### Items from a data source:
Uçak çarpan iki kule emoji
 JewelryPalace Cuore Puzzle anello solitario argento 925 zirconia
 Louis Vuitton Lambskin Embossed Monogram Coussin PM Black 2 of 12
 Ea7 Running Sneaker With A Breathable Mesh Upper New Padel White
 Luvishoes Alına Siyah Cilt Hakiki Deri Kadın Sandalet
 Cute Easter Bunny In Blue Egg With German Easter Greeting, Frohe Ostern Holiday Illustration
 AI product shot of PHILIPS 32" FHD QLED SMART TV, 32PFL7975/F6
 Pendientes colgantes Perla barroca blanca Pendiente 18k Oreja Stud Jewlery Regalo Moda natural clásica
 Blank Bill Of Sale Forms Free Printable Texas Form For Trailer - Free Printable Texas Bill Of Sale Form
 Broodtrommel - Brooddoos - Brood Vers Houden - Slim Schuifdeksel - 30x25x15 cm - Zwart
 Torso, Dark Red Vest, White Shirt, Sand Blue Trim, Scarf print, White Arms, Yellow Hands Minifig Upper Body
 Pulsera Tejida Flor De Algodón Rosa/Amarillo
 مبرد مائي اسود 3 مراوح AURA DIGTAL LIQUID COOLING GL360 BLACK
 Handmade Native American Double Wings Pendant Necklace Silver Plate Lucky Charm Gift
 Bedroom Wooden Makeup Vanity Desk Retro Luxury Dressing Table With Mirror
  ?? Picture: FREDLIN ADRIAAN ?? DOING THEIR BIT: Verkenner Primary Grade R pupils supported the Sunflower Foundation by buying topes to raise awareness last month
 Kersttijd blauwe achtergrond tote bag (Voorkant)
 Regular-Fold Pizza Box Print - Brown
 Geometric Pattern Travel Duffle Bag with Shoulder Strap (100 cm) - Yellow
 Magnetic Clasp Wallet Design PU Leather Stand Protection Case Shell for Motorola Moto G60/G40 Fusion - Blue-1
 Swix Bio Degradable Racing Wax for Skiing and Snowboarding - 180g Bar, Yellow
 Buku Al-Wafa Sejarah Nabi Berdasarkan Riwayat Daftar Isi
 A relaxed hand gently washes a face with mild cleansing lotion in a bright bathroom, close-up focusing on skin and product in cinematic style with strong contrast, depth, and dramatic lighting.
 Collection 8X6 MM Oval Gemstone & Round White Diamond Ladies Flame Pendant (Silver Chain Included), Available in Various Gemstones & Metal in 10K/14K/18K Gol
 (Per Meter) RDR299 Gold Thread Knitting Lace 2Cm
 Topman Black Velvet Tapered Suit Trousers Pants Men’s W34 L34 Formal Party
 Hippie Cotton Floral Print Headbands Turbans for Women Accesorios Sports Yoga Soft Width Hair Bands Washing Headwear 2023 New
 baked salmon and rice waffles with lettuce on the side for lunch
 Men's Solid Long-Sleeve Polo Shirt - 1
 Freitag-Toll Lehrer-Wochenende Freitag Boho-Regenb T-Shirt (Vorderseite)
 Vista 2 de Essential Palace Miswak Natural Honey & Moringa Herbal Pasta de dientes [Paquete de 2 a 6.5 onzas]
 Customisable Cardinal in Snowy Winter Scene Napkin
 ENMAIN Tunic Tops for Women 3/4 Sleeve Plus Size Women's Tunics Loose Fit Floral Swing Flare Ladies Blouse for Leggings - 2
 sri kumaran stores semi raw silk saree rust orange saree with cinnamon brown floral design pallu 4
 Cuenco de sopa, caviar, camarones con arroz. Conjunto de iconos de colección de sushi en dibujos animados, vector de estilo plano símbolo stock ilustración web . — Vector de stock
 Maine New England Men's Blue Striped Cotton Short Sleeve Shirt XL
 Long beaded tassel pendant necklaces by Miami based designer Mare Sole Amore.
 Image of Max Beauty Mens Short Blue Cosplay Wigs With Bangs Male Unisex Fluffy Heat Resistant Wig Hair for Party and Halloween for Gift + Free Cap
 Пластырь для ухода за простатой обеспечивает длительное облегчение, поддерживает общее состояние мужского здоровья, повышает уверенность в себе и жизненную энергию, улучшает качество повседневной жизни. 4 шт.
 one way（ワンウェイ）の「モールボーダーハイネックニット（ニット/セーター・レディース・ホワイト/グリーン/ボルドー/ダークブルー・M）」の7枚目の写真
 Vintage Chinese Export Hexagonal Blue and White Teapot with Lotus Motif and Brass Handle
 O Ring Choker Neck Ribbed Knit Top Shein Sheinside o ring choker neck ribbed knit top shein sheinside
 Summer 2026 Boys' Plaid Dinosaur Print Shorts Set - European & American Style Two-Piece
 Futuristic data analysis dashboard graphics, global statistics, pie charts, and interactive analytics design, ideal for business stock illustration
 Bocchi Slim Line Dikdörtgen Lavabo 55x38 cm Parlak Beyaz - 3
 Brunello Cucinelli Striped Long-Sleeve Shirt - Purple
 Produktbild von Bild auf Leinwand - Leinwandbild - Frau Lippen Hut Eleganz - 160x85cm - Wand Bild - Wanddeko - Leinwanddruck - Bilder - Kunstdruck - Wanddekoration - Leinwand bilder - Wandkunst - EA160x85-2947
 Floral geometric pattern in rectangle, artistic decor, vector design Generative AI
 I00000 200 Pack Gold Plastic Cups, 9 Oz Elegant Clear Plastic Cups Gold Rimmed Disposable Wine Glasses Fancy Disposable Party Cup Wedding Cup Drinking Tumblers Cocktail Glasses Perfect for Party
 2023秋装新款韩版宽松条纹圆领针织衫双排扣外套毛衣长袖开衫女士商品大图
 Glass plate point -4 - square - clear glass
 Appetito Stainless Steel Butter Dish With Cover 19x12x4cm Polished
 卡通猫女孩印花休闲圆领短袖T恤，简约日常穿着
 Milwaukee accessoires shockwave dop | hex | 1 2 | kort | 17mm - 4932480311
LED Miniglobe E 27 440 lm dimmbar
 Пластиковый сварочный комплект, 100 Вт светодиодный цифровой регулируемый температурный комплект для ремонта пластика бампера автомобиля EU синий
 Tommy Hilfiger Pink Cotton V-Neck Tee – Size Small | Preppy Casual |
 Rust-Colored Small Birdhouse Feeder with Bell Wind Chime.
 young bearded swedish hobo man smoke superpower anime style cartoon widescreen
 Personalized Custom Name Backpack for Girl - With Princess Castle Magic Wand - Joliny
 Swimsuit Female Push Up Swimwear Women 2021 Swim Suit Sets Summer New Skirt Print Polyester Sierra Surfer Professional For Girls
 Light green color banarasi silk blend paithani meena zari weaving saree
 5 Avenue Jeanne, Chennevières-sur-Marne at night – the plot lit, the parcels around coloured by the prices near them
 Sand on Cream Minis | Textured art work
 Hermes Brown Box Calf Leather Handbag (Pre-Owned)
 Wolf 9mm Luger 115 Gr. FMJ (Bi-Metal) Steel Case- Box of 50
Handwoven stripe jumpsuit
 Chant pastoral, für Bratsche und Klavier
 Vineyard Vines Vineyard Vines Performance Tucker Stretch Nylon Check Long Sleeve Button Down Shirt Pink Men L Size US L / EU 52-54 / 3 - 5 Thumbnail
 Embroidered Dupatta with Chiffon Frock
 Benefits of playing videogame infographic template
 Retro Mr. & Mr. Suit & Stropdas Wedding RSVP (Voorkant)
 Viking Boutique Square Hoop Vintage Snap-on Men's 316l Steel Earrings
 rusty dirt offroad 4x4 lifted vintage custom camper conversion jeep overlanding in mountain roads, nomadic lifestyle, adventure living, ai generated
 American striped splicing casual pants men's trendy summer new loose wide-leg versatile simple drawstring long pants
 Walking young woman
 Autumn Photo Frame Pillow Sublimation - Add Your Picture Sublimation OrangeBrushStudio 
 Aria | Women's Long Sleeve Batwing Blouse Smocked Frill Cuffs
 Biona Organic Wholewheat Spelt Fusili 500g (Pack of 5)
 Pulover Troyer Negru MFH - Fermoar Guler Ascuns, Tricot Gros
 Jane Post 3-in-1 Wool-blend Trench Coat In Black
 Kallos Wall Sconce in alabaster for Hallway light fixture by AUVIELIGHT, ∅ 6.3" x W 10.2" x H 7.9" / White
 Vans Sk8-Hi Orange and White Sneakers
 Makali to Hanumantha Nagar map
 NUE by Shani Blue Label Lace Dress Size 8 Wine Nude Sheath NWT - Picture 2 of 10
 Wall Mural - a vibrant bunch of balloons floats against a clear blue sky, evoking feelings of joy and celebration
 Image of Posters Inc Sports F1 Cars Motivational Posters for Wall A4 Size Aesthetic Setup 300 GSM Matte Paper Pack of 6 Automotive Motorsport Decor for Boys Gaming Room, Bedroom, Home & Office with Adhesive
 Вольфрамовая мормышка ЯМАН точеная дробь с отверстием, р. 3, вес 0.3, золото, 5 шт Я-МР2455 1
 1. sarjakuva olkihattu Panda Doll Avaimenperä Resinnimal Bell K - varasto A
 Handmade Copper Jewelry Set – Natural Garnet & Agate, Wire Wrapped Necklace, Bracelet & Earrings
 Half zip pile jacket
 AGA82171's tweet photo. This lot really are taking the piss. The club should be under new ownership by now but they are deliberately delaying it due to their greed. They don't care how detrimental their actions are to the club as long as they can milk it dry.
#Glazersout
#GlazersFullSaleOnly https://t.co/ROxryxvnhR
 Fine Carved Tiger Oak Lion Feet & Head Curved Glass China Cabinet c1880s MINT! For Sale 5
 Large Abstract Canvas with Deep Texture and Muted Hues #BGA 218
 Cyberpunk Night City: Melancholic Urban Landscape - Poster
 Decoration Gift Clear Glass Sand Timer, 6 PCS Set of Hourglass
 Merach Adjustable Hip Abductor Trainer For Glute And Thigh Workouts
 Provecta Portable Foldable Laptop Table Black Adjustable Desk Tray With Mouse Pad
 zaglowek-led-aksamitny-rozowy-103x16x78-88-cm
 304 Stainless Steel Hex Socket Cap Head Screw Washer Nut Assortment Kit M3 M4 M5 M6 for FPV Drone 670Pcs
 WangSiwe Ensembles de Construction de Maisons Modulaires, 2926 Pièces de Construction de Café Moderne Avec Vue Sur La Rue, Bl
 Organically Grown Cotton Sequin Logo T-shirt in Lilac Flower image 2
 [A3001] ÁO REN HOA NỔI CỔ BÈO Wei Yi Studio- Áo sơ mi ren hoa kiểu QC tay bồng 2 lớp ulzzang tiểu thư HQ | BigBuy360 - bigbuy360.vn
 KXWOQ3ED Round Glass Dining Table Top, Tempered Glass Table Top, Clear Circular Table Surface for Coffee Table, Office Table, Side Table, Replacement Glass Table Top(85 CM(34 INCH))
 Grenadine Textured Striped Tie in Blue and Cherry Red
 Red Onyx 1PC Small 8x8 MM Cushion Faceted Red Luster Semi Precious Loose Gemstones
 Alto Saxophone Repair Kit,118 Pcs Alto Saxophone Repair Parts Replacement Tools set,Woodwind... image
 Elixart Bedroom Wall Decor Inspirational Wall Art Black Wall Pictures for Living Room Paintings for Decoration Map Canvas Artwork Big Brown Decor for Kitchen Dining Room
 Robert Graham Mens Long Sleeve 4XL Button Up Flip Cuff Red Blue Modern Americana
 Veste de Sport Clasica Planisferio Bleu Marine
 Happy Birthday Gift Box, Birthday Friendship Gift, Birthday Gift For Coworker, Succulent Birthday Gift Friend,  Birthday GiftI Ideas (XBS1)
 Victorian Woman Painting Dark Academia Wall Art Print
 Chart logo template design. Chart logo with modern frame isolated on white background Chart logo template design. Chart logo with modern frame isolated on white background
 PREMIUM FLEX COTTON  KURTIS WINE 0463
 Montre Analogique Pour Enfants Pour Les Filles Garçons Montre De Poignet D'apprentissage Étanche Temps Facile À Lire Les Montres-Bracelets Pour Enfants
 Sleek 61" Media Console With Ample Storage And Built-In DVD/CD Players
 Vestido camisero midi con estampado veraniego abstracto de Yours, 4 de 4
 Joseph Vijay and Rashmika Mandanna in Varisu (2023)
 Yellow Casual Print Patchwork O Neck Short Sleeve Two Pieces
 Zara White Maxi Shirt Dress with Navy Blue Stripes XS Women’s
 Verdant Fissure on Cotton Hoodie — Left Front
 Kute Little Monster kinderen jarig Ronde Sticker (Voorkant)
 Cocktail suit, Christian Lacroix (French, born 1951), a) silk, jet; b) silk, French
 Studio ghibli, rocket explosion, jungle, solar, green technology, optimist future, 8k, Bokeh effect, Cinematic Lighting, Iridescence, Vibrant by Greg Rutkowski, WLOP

### Work required:
Exactly the lines above from the one with "NUE by Shani" to the one with "Вольфрамовая мормышка ЯМАН", both included, are to be quoted; leave the rest out.

### The answer:
 NUE by Shani Blue Label Lace Dress Size 8 Wine Nude Sheath NWT - Picture 2 of 10
 Wall Mural - a vibrant bunch of balloons floats against a clear blue sky, evoking feelings of joy and celebration
 Image of Posters Inc Sports F1 Cars Motivational Posters for Wall A4 Size Aesthetic Setup 300 GSM Matte Paper Pack of 6 Automotive Motorsport Decor for Boys Gaming Room, Bedroom, Home & Office with Adhesive
 Вольфрамовая мормышка ЯМАН точеная дробь с отверстием, р. 3, вес 0.3, золото, 5 шт Я-МР2455 1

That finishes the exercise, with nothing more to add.